== Task input
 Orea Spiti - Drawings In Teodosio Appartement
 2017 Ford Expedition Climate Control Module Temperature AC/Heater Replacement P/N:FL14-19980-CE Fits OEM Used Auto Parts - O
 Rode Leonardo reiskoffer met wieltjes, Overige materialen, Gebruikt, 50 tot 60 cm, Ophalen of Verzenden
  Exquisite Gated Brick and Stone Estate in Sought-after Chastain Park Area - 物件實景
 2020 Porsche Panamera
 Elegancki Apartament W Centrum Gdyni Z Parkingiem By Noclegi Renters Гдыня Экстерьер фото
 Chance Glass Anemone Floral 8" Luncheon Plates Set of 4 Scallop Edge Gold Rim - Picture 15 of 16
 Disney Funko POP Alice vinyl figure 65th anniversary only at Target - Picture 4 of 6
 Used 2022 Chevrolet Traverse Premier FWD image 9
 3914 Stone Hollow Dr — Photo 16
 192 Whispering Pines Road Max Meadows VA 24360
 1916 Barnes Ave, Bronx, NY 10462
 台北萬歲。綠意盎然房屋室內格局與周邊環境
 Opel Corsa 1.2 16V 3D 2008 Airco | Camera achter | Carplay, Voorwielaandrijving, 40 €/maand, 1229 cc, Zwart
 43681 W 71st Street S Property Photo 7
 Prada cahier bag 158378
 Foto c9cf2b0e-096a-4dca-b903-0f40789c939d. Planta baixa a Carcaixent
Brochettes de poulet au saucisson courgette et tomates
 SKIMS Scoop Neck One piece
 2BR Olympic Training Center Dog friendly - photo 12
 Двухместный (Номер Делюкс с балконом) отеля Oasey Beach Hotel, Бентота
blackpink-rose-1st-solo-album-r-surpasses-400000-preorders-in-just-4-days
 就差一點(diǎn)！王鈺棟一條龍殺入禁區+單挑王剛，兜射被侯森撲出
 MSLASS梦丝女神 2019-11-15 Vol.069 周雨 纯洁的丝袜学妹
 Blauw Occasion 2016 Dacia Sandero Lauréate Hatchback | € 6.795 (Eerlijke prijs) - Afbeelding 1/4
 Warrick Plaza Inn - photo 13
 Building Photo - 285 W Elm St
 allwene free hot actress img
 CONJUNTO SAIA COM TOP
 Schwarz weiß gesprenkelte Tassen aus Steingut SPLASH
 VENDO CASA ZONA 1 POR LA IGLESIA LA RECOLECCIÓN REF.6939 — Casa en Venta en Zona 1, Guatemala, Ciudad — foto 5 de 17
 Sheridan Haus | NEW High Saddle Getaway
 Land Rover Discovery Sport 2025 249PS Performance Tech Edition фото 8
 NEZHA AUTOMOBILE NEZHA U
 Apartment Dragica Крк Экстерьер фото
====
Instructions to follow:
Set down the material exactly, keeping every line.

Written solution:
 Orea Spiti - Drawings In Teodosio Appartement
 2017 Ford Expedition Climate Control Module Temperature AC/Heater Replacement P/N:FL14-19980-CE Fits OEM Used Auto Parts - O
 Rode Leonardo reiskoffer met wieltjes, Overige materialen, Gebruikt, 50 tot 60 cm, Ophalen of Verzenden
  Exquisite Gated Brick and Stone Estate in Sought-after Chastain Park Area - 物件實景
 2020 Porsche Panamera
 Elegancki Apartament W Centrum Gdyni Z Parkingiem By Noclegi Renters Гдыня Экстерьер фото
 Chance Glass Anemone Floral 8" Luncheon Plates Set of 4 Scallop Edge Gold Rim - Picture 15 of 16
 Disney Funko POP Alice vinyl figure 65th anniversary only at Target - Picture 4 of 6
 Used 2022 Chevrolet Traverse Premier FWD image 9
 3914 Stone Hollow Dr — Photo 16
 192 Whispering Pines Road Max Meadows VA 24360
 1916 Barnes Ave, Bronx, NY 10462
 台北萬歲。綠意盎然房屋室內格局與周邊環境
 Opel Corsa 1.2 16V 3D 2008 Airco | Camera achter | Carplay, Voorwielaandrijving, 40 €/maand, 1229 cc, Zwart
 43681 W 71st Street S Property Photo 7
 Prada cahier bag 158378
 Foto c9cf2b0e-096a-4dca-b903-0f40789c939d. Planta baixa a Carcaixent
Brochettes de poulet au saucisson courgette et tomates
 SKIMS Scoop Neck One piece
 2BR Olympic Training Center Dog friendly - photo 12
 Двухместный (Номер Делюкс с балконом) отеля Oasey Beach Hotel, Бентота
blackpink-rose-1st-solo-album-r-surpasses-400000-preorders-in-just-4-days
 就差一點(diǎn)！王鈺棟一條龍殺入禁區+單挑王剛，兜射被侯森撲出
 MSLASS梦丝女神 2019-11-15 Vol.069 周雨 纯洁的丝袜学妹
 Blauw Occasion 2016 Dacia Sandero Lauréate Hatchback | € 6.795 (Eerlijke prijs) - Afbeelding 1/4
 Warrick Plaza Inn - photo 13
 Building Photo - 285 W Elm St
 allwene free hot actress img
 CONJUNTO SAIA COM TOP
 Schwarz weiß gesprenkelte Tassen aus Steingut SPLASH
 VENDO CASA ZONA 1 POR LA IGLESIA LA RECOLECCIÓN REF.6939 — Casa en Venta en Zona 1, Guatemala, Ciudad — foto 5 de 17
 Sheridan Haus | NEW High Saddle Getaway
 Land Rover Discovery Sport 2025 249PS Performance Tech Edition фото 8
 NEZHA AUTOMOBILE NEZHA U
 Apartment Dragica Крк Экстерьер фото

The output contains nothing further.